EXERCISE PROMPT: Everything from the line holding "Audi Q4 e-tron - фото 43" through the last line of the records should be repeated word for word, and pictures should be omitted.

DATASET:

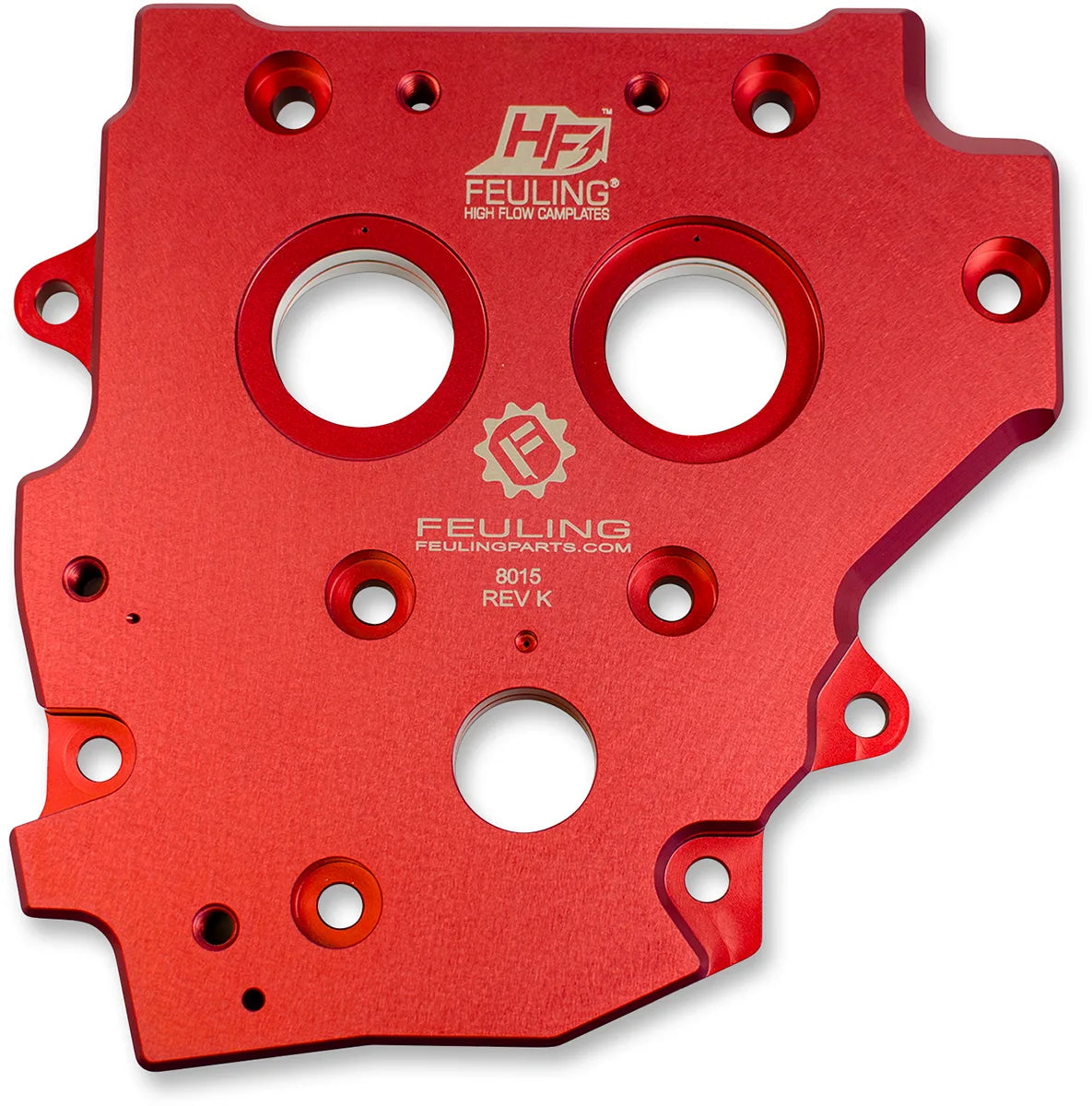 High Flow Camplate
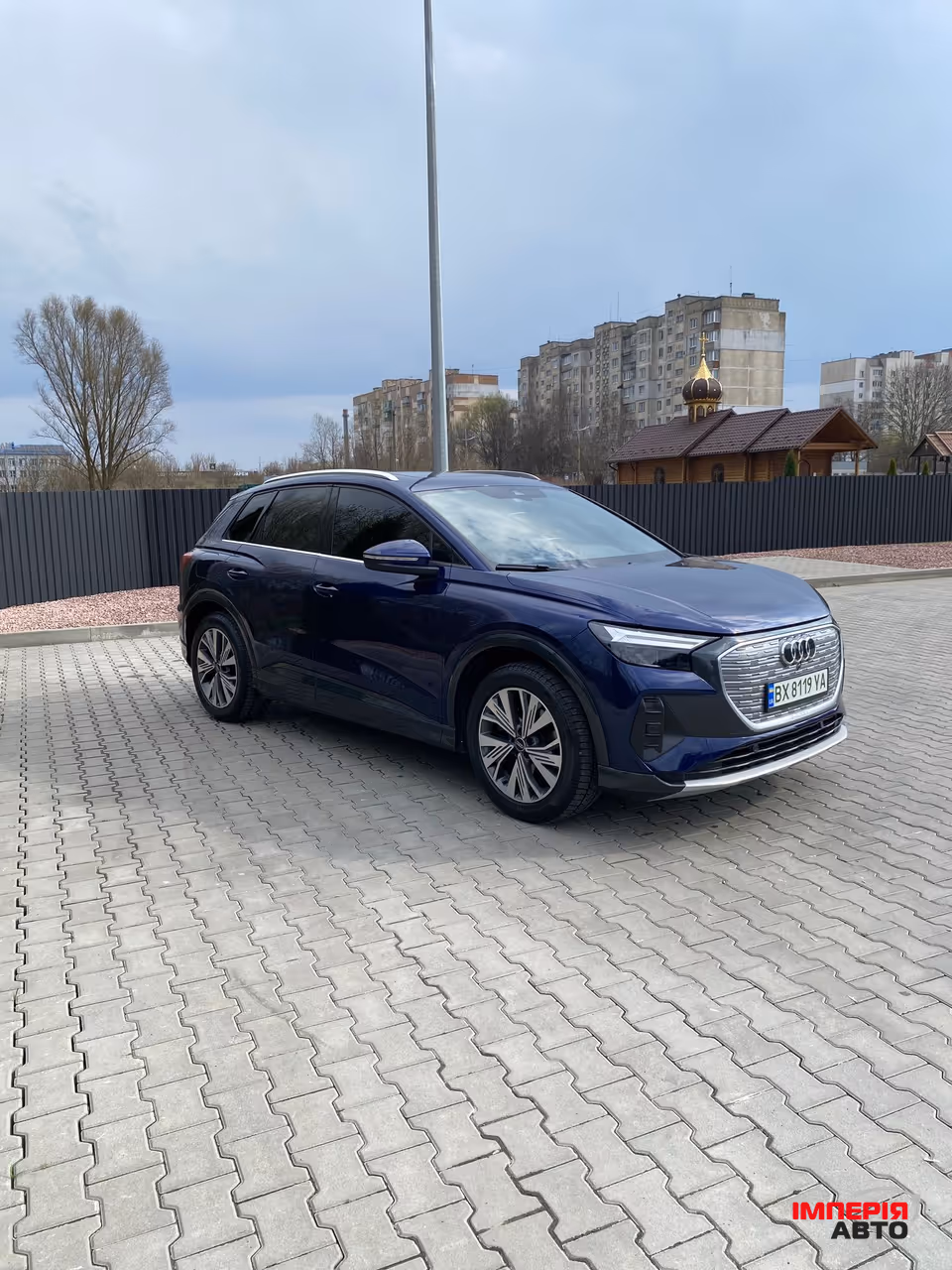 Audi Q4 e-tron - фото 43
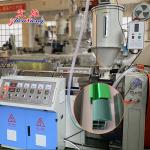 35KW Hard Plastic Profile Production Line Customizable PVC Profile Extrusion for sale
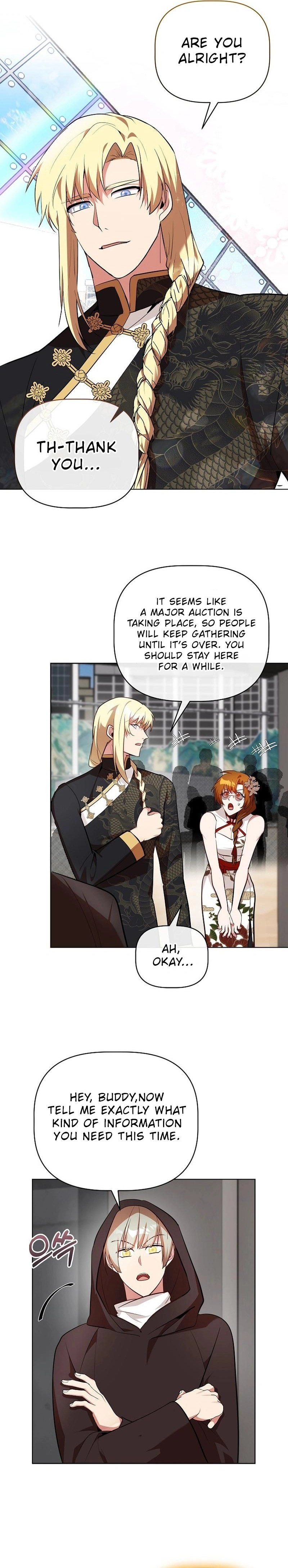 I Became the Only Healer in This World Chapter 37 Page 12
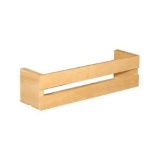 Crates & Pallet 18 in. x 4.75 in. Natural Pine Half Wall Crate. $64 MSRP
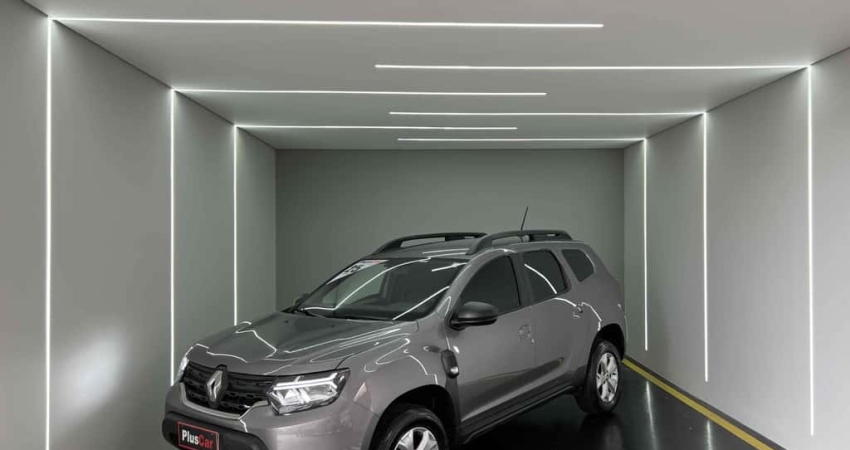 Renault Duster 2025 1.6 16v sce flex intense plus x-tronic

RESULT OF THE EXERCISE:
 Audi Q4 e-tron - фото 43
 35KW Hard Plastic Profile Production Line Customizable PVC Profile Extrusion for sale
 I Became the Only Healer in This World Chapter 37 Page 12
 Crates & Pallet 18 in. x 4.75 in. Natural Pine Half Wall Crate. $64 MSRP
 Renault Duster 2025 1.6 16v sce flex intense plus x-tronic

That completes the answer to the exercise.